▶ EXERCISE: Each line of the data should be duplicated precisely.

Short descriptive text snippets
*** Block opens ***
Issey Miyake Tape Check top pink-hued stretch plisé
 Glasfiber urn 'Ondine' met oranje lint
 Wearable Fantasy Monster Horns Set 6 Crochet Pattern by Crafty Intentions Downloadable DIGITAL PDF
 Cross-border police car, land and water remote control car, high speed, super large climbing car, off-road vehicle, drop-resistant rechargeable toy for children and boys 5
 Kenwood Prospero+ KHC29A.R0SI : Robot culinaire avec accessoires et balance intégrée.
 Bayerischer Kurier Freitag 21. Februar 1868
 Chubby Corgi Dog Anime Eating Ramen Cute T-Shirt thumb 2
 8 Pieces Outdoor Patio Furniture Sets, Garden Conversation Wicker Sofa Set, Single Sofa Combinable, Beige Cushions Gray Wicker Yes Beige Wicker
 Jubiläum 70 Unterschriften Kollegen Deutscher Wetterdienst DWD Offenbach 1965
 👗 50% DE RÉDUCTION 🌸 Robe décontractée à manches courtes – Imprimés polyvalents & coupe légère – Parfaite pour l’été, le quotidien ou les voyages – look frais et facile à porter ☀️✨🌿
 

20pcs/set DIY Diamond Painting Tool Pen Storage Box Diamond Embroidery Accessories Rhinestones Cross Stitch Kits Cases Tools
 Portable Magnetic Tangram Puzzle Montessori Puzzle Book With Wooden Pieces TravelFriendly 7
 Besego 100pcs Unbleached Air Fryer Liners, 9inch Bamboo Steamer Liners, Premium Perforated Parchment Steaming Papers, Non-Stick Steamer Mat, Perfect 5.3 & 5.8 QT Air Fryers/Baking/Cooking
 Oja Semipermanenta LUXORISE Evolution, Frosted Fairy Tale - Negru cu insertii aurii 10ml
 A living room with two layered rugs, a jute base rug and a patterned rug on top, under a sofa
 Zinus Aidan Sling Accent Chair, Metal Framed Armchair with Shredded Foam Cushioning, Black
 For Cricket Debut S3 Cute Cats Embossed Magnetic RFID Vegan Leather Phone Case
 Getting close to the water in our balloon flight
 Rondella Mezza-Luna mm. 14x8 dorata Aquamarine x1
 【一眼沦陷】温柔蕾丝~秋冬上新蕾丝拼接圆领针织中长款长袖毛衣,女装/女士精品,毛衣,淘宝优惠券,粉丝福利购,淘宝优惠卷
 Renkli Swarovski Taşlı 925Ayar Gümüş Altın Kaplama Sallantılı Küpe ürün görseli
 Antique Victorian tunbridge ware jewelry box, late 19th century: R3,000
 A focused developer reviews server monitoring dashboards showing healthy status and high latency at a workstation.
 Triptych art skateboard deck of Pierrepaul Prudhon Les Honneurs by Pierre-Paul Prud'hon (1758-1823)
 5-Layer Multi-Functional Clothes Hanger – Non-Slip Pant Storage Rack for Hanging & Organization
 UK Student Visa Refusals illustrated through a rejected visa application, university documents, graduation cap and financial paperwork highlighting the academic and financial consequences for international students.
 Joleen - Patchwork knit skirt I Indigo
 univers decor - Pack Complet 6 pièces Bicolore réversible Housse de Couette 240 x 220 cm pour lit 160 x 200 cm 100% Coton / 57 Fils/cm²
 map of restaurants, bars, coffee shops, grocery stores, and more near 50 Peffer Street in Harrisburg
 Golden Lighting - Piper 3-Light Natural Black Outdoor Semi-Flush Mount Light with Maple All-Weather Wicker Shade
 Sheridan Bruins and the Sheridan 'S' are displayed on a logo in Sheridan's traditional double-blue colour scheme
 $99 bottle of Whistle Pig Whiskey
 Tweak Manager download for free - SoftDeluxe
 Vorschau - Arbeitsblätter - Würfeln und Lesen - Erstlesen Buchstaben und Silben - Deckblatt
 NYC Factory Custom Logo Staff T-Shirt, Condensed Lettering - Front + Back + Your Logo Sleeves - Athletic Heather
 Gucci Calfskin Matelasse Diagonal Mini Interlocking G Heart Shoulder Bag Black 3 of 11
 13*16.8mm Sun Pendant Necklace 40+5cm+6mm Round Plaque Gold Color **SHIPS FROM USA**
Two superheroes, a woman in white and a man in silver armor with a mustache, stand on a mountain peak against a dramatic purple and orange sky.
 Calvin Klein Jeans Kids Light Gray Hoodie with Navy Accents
*** Block closes ***
▶ RESPONSE FOR THIS EXERCISE:
Issey Miyake Tape Check top pink-hued stretch plisé
 Glasfiber urn 'Ondine' met oranje lint
 Wearable Fantasy Monster Horns Set 6 Crochet Pattern by Crafty Intentions Downloadable DIGITAL PDF
 Cross-border police car, land and water remote control car, high speed, super large climbing car, off-road vehicle, drop-resistant rechargeable toy for children and boys 5
 Kenwood Prospero+ KHC29A.R0SI : Robot culinaire avec accessoires et balance intégrée.
 Bayerischer Kurier Freitag 21. Februar 1868
 Chubby Corgi Dog Anime Eating Ramen Cute T-Shirt thumb 2
 8 Pieces Outdoor Patio Furniture Sets, Garden Conversation Wicker Sofa Set, Single Sofa Combinable, Beige Cushions Gray Wicker Yes Beige Wicker
 Jubiläum 70 Unterschriften Kollegen Deutscher Wetterdienst DWD Offenbach 1965
 👗 50% DE RÉDUCTION 🌸 Robe décontractée à manches courtes – Imprimés polyvalents & coupe légère – Parfaite pour l’été, le quotidien ou les voyages – look frais et facile à porter ☀️✨🌿
 

20pcs/set DIY Diamond Painting Tool Pen Storage Box Diamond Embroidery Accessories Rhinestones Cross Stitch Kits Cases Tools
 Portable Magnetic Tangram Puzzle Montessori Puzzle Book With Wooden Pieces TravelFriendly 7
 Besego 100pcs Unbleached Air Fryer Liners, 9inch Bamboo Steamer Liners, Premium Perforated Parchment Steaming Papers, Non-Stick Steamer Mat, Perfect 5.3 & 5.8 QT Air Fryers/Baking/Cooking
 Oja Semipermanenta LUXORISE Evolution, Frosted Fairy Tale - Negru cu insertii aurii 10ml
 A living room with two layered rugs, a jute base rug and a patterned rug on top, under a sofa
 Zinus Aidan Sling Accent Chair, Metal Framed Armchair with Shredded Foam Cushioning, Black
 For Cricket Debut S3 Cute Cats Embossed Magnetic RFID Vegan Leather Phone Case
 Getting close to the water in our balloon flight
 Rondella Mezza-Luna mm. 14x8 dorata Aquamarine x1
 【一眼沦陷】温柔蕾丝~秋冬上新蕾丝拼接圆领针织中长款长袖毛衣,女装/女士精品,毛衣,淘宝优惠券,粉丝福利购,淘宝优惠卷
 Renkli Swarovski Taşlı 925Ayar Gümüş Altın Kaplama Sallantılı Küpe ürün görseli
 Antique Victorian tunbridge ware jewelry box, late 19th century: R3,000
 A focused developer reviews server monitoring dashboards showing healthy status and high latency at a workstation.
 Triptych art skateboard deck of Pierrepaul Prudhon Les Honneurs by Pierre-Paul Prud'hon (1758-1823)
 5-Layer Multi-Functional Clothes Hanger – Non-Slip Pant Storage Rack for Hanging & Organization
 UK Student Visa Refusals illustrated through a rejected visa application, university documents, graduation cap and financial paperwork highlighting the academic and financial consequences for international students.
 Joleen - Patchwork knit skirt I Indigo
 univers decor - Pack Complet 6 pièces Bicolore réversible Housse de Couette 240 x 220 cm pour lit 160 x 200 cm 100% Coton / 57 Fils/cm²
 map of restaurants, bars, coffee shops, grocery stores, and more near 50 Peffer Street in Harrisburg
 Golden Lighting - Piper 3-Light Natural Black Outdoor Semi-Flush Mount Light with Maple All-Weather Wicker Shade
 Sheridan Bruins and the Sheridan 'S' are displayed on a logo in Sheridan's traditional double-blue colour scheme
 $99 bottle of Whistle Pig Whiskey
 Tweak Manager download for free - SoftDeluxe
 Vorschau - Arbeitsblätter - Würfeln und Lesen - Erstlesen Buchstaben und Silben - Deckblatt
 NYC Factory Custom Logo Staff T-Shirt, Condensed Lettering - Front + Back + Your Logo Sleeves - Athletic Heather
 Gucci Calfskin Matelasse Diagonal Mini Interlocking G Heart Shoulder Bag Black 3 of 11
 13*16.8mm Sun Pendant Necklace 40+5cm+6mm Round Plaque Gold Color **SHIPS FROM USA**
Two superheroes, a woman in white and a man in silver armor with a mustache, stand on a mountain peak against a dramatic purple and orange sky.
 Calvin Klein Jeans Kids Light Gray Hoodie with Navy Accents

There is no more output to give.